Stepped header primaries are often used in drag cars, and offer several advantages over non-stepped designs in street cars as well. If you think about an engine as an air pump, you can't put a fresh air/fuel charge into the cylinders until you have evacuated the spent gases out of them. That said, having properly sized primary tube gives you the best opportunity to remove these gases. If the header primaries are too large, the exhaust can become very lazy. Conversely, if you keep the exhaust compressed, it speeds up velocity and helps pull the exhaust out. At Dynatech, we have experimented with different lengths of smaller tubing in order to maximize scavenging. Despite their benefits, they're not ideal for every application. For instance, if you use stepped headers on a motor with lots of cam overlap or efficient exhaust ports, you can evacuate the air/fuel charge out too quickly before it has a chance to ignite. That's why it's important to have dialogue between the engine builder and header builder when dealing with a pro-built engine with great heads and a big cam.

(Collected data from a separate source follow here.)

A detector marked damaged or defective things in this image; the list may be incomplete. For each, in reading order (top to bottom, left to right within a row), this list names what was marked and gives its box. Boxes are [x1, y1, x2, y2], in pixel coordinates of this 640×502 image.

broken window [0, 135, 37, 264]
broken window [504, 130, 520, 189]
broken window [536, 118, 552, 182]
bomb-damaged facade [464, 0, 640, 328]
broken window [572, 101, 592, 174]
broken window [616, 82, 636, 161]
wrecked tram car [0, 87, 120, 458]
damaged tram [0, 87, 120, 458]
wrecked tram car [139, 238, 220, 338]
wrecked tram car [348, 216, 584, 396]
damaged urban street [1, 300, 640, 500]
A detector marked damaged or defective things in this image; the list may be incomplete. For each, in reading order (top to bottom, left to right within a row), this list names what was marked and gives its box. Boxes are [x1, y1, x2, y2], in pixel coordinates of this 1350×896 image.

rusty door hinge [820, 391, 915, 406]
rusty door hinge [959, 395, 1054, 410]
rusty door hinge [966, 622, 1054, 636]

To complement our line of headers, Dynatech offers both auger and split-flow–style mufflers. The baffling inside our auger mufflers looks like a coarse thread screw. They were developed to meet some specific rules requirements in Sprint Cars parts where race officials have implemented very strict maximum decibel levels. The tradeoff with mufflers is the more you dampen the decibel level, the more backpressure you create. Since the auger mufflers create minimal backpressure, they would probably be too loud for most street cars. For street applications, Dynatach's split-flow mufflers are a better alternative. They're essentially a straight-through–style muffler with a perforated core that's surround by stainless steel packing for absorption-style damping. The end result is the best of both words: high flow and noise reduction.

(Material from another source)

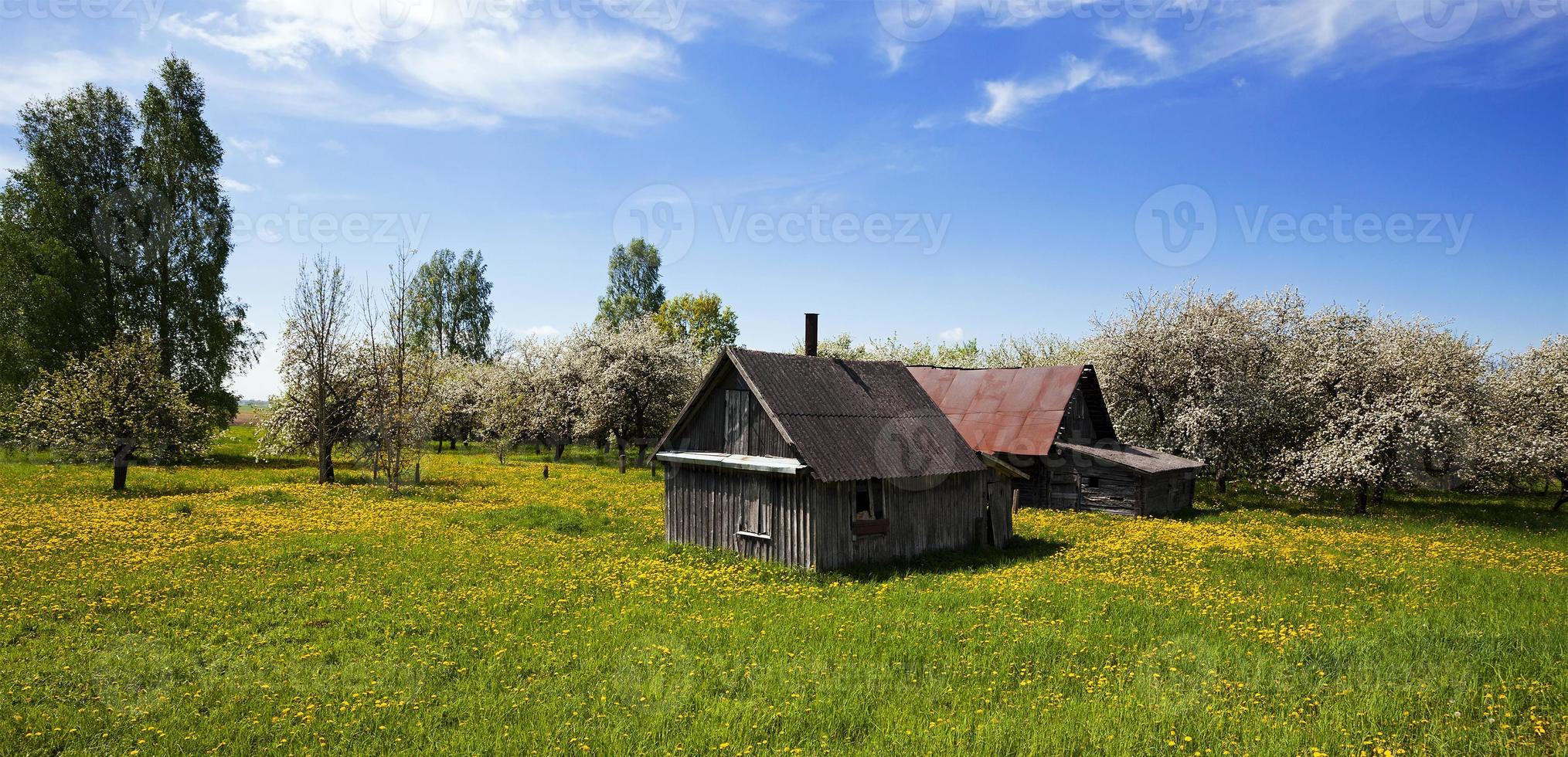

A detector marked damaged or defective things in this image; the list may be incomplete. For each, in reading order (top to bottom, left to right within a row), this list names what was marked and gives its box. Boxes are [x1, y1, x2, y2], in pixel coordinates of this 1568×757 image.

In the past, collectors were simply seen as a tube that the header primaries dumped into, but collector design plays an important role in overall exhaust scavenging. Dynatech race headers are offered with merge collectors that start out at the same diameter as a standard collector, but then neck down in diameter before it hourglasses back to its original diameter. This creates a venturi or vortex effect to draw exhaust out of the engine more effectively. By speeding up the exhaust flow with merge collectors, they can make an engine more efficient. Similarly, if you want to run an open header exhaust but are concerned about the noise, Dynatech's Vortex insert cones are a great solution. These cone-shaped inserts go into the end of a collector, and utilize a perforated core to reduce sound by three decibels with little to no loss in horsepower. The core has a bunch of small holes in it, and noise is reduced as the exhaust hits the edges of the holes. Since the surface area of the holes is greater than surface area of collector outlet, there is little to no increase in backpressure.